Shares of Warner Bros. Discovery Inc.
WBD,
the parent of the Max (formerly HBO Max) service, jumped 8.7% toward a three-week high in afternoon trading, putting them on track for the biggest one-day gain since they ran up 8.8% on Jan. 4.
The stock has now soared 14.8% amid a four-day win streak.
Walt Disney Co., the parent of the Disney+ and ESPN+ streaming services, saw its stock
DIS,
climb 2.5%. It was among the top gainers in the Dow Jones Industrial Average
DJIA,
which powered up 491 points, or 1.5%.
And Netflix Inc.’s stock
NFLX,
traded 1.1% higher toward a seven-week high. The streaming giant’s shares have tacked on 6.7% amid a four-day win streak.
Elsewhere, Paramount+ and CBS parent Paramount Global shares
PARA,
leapt 9.0% toward their best day in nine months. The stock has now gained 10% since it closed at a 14-year low of $10.70 on Friday.
The streaming sector had endured a rough couple of months, as stubborn inflation, higher interest rates and worries about a slowing economy prompted consumers to cut back on spending. But an indication that interest rates may have peaked helped fuel buying in beaten-down stocks.
Meanwhile, Roku’s stock
ROKU,
blasted 31% higher toward a seven-week high.
While the streaming platform provider for TVs reported late Wednesday a wider-than-expected loss, it easily beat revenue projections, reported a surprise profit by one adjusted financial metric and provided an upbeat outlook, amid a “solid rebound” in video ads.

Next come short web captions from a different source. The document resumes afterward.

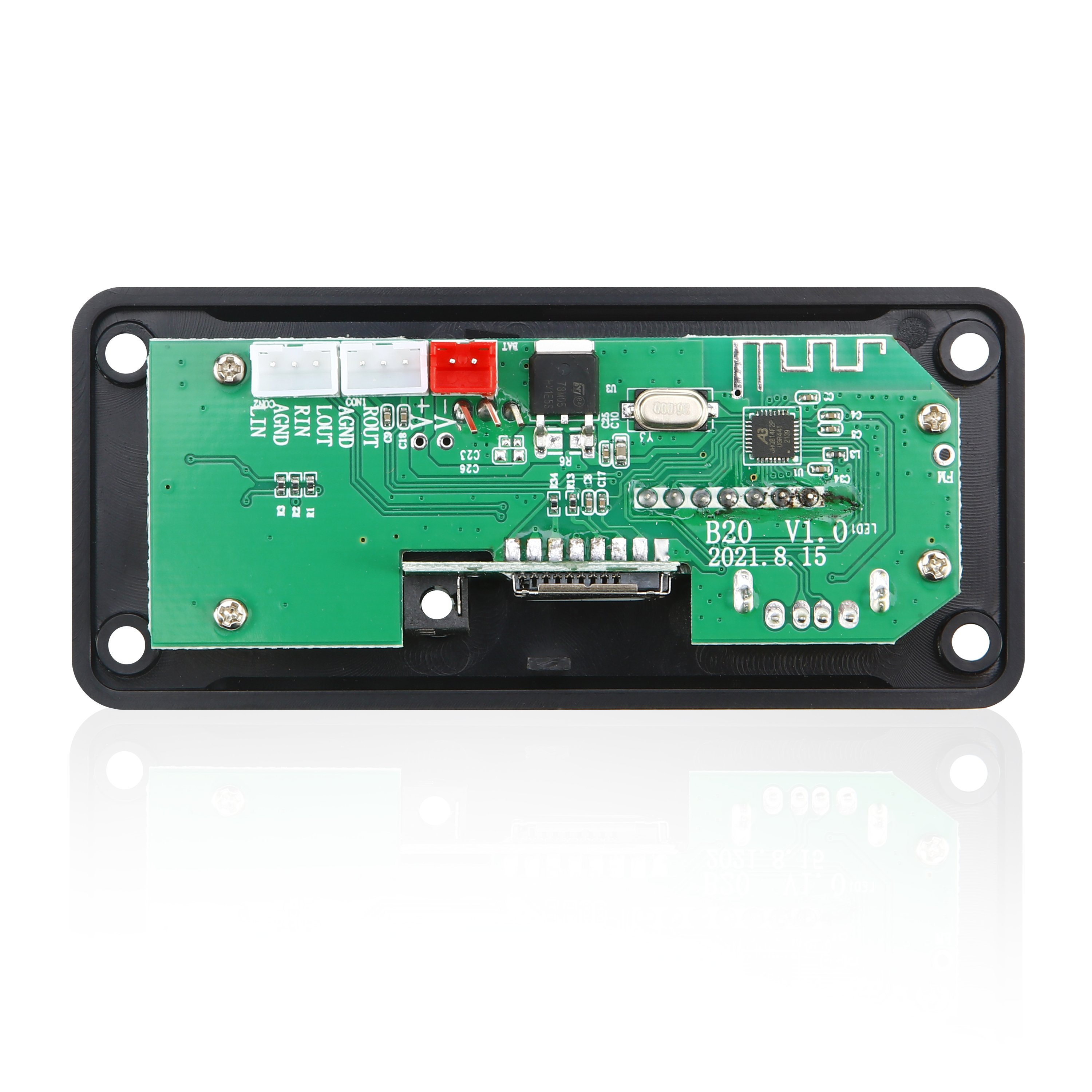 Wireless Bluetooth 5.0 DIY Audio Module 12V MP3 WMA WAV Decoder Board USB TF FM Radio Handsfree Digital Voice Recorder Cars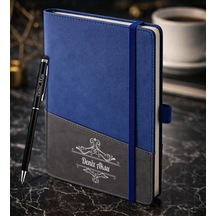 Bk Gift Kişiye Özel Mavi Termo Deri Defter Ve Touchpen Kalem Seti -2, Kurumsal Ve Özel Hediye, Yeni İş Hediyesi Kobitmeyencom36073 Bk Gift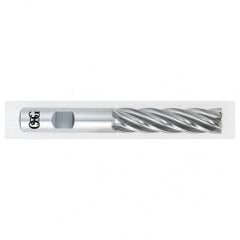 1 Dia. x 6-1/2 Overall Length 4-Flute Square End HSS-CO SE End Mill-Round Shank-Center Cutting-Uncoated - First Tool & Supply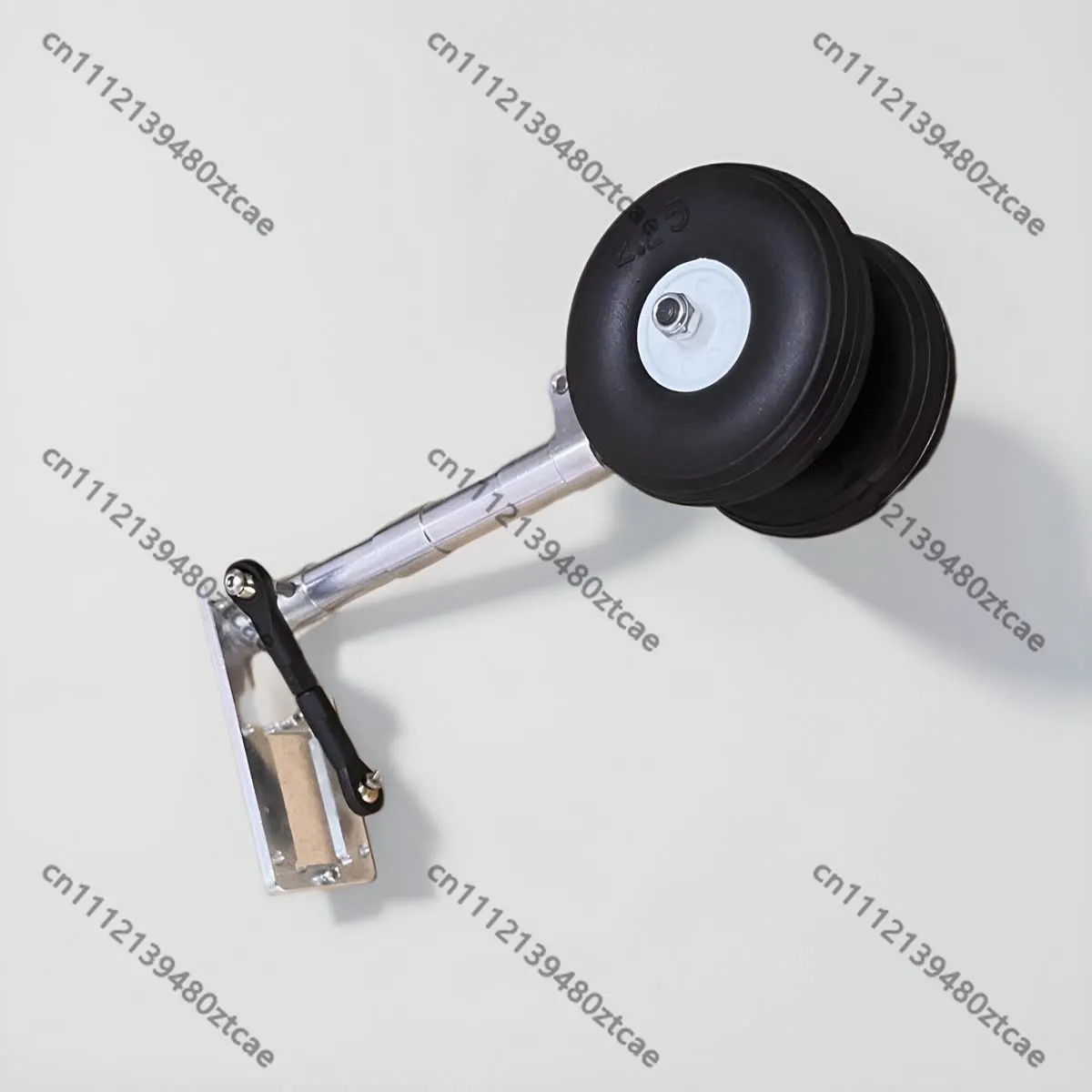 

116-216mm 17g Servo Steering Assembly with Double Wheel Damping Landing Gear for RC Plane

D.A. Davidson analyst Tom Forte reiterated his buy rating on Roku’s stock, but lifted his price target to $101 from $90.
“[W]e were encouraged by the stabilization in the digital ad market despite an uncertain macroeconomic environment,” Forte wrote in a note to clients.
Shares of FuboTV Inc.
FUBO,
which operates a sports-first TV streaming company, soared 12.4%.